Oh man that looks lovely. I've really got to learn how to play.


----------



## MolotovMocktail (Apr 24, 2014)

MolotovMocktail said:


> I haven't tried it but I've heard of people making soft cases for laptops out of heavy fabric and using material from padded envelopes as padding. Those envelopes just have a pretty thin layer of bubble wrap though, so I don't know how well that would work with a delicate instrument on the road.

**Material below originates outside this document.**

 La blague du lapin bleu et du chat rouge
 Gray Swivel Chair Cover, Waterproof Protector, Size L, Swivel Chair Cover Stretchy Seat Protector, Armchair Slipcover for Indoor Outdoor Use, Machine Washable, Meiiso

Edit: Fucked up and reposted instead of editing. I need to go to sleep.


----------



## Traveler (Apr 24, 2014)

You know.... I just had to check craigs for violins yesterday too  Congrats West, it looks nice


----------



## West (Apr 24, 2014)

Traveler said:


> You know.... I just had to check craigs for violins yesterday too  Congrats West, it looks nice


Thanks bud!


----------



## urchin (Apr 25, 2014)

Personally I would pay for the hard case. You never know what will happen on the road.


----------



## plagueship (May 4, 2014)

i feel like the hard case is probably worth it. not a fun way to spend money, but neither is repairing or replacing the instrument - such a cheap one could probably crack fairly easily, and then it's junk...maybe you can find a used one? if you are really set on DIYing it, you could do a double layer with foam or bubble wrap or something inside it, or at least use a wool blanket or a couple layers of felt, etc...


----------



## West (May 5, 2014)

Oh yeah UPDATE: 

Got the mando and it's fucking brilliant. Obviously not the same sound as a gibson or something, but it's everything I expected and a lot more - sounds great.


----------



## notOK (May 6, 2014)

Rad dude. I need another mandolin in my life. For fifty bones, shit the bed! Had a fender for years, first paycheck ever got. Hate getting them things. Checks, not mandolins. Cash is king. The liquor store don't take checks and neither do I. Anyway, glad it's got good sound, might score one and throw a pickup on it.


----------



## plagueship (May 18, 2014)

you probably will need to reposition the bridge to adjust the intonation, because it kinda needs to be done by hand and usually never is when you get a cheap-o from a factory. the harmonic at the middle of the string should sound the same note as the string fretted on the 12th fret, ie the midpoint of the string should be right over the 12th fret (which you can check by playing a harmonic there). loosen the strings and use two pens or a little strip of wood or whatever to move the bridge, check the outer two strings.


----------



## Kim Chee (May 19, 2014)

I don't play an instrument, but if you don't get a case your mandolin will probably look rough before you want it to.


----------



## Deleted member 2626 (May 19, 2014)

I hitched a bit with a mando wrapped in a thermal shirt and it wound up fine. ranted it wasn't months of hard road miles but it was thrown in a few trunks and woods while bungeed to my pack. I had a soft case i got for 40 bucks that worked real well and was good quality. i sold it already but look on amazon for i thinks it called aloha soft shell. had a front pocket too


----------